[Provided information — start]

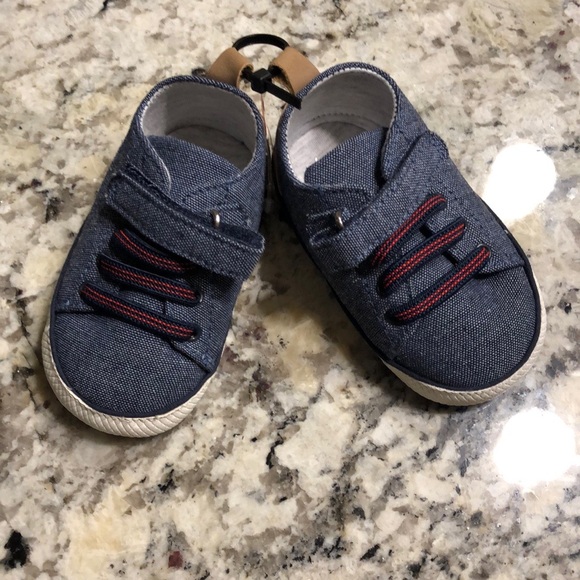 NWT - Baby Boys Casual Sneaker - Size 4 - Picture 2 of 3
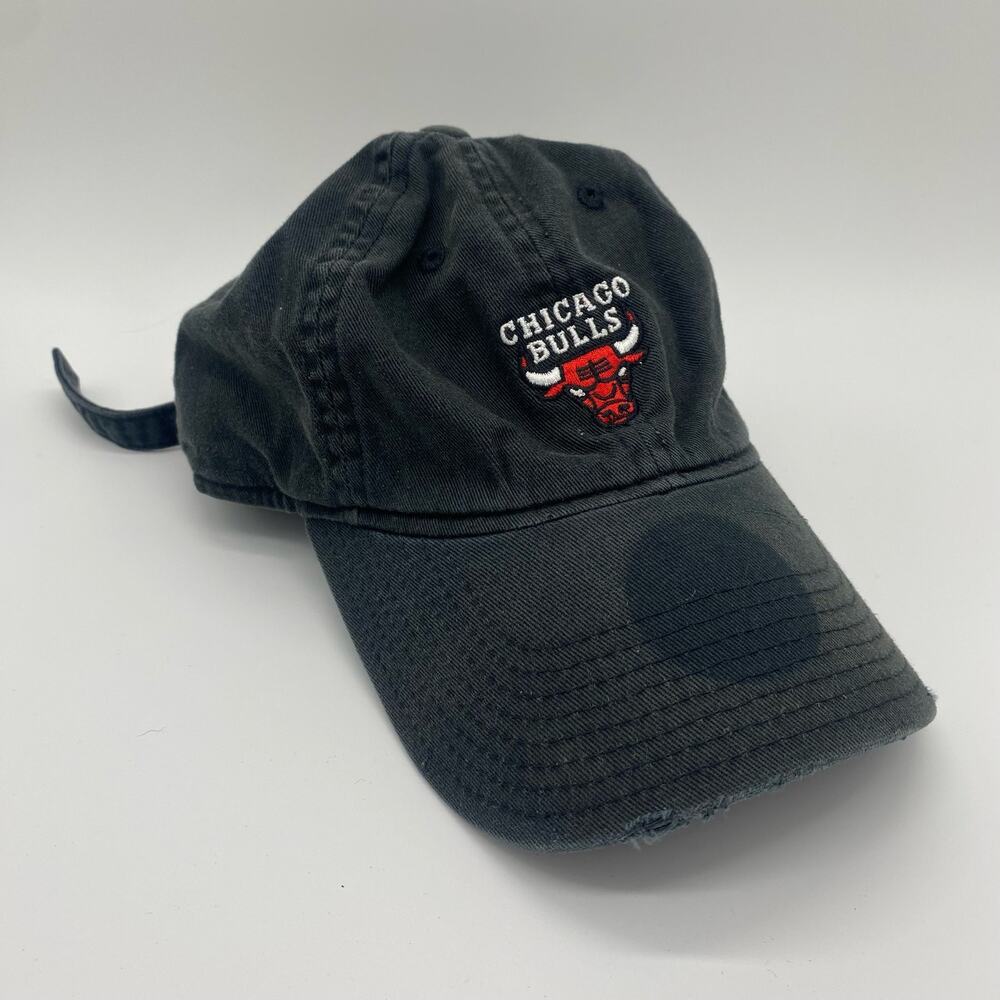 Mitchell & Ness Men's Black Chicago Bulls Chicago NBA Adjustable Cap Hat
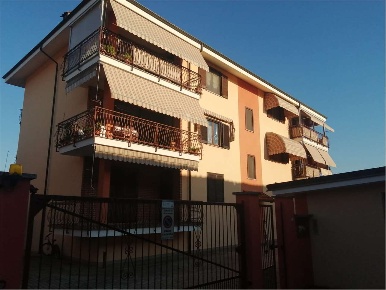 Foto Appartamento a Scalenghe di 111 m² con 4 locali in vendita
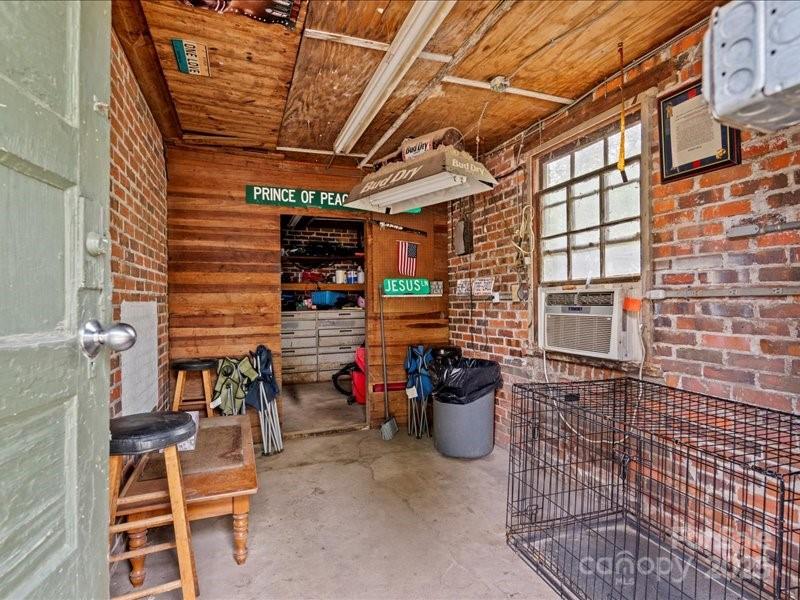 430 3rd Street Cheraw, SC 29520 - Photo 38 of 40 a view of a patio with table and chairs and potted plants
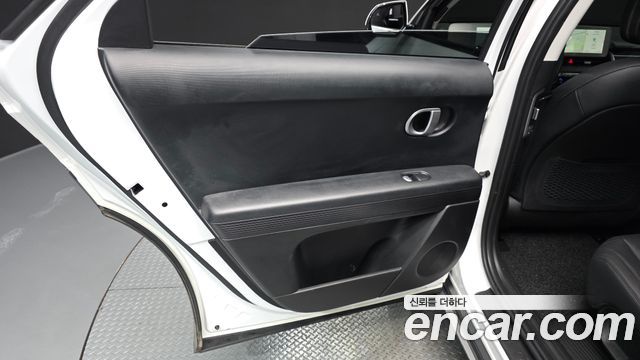 Hyundai Ioniq5 2022 — photo 15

[Provided information — finish]

• [Work instruction]
In your copy, omit the pictures and restate every line of the data word for word.

• [Expected answer]
 NWT - Baby Boys Casual Sneaker - Size 4 - Picture 2 of 3
 Mitchell & Ness Men's Black Chicago Bulls Chicago NBA Adjustable Cap Hat
 Foto Appartamento a Scalenghe di 111 m² con 4 locali in vendita
 430 3rd Street Cheraw, SC 29520 - Photo 38 of 40 a view of a patio with table and chairs and potted plants
 Hyundai Ioniq5 2022 — photo 15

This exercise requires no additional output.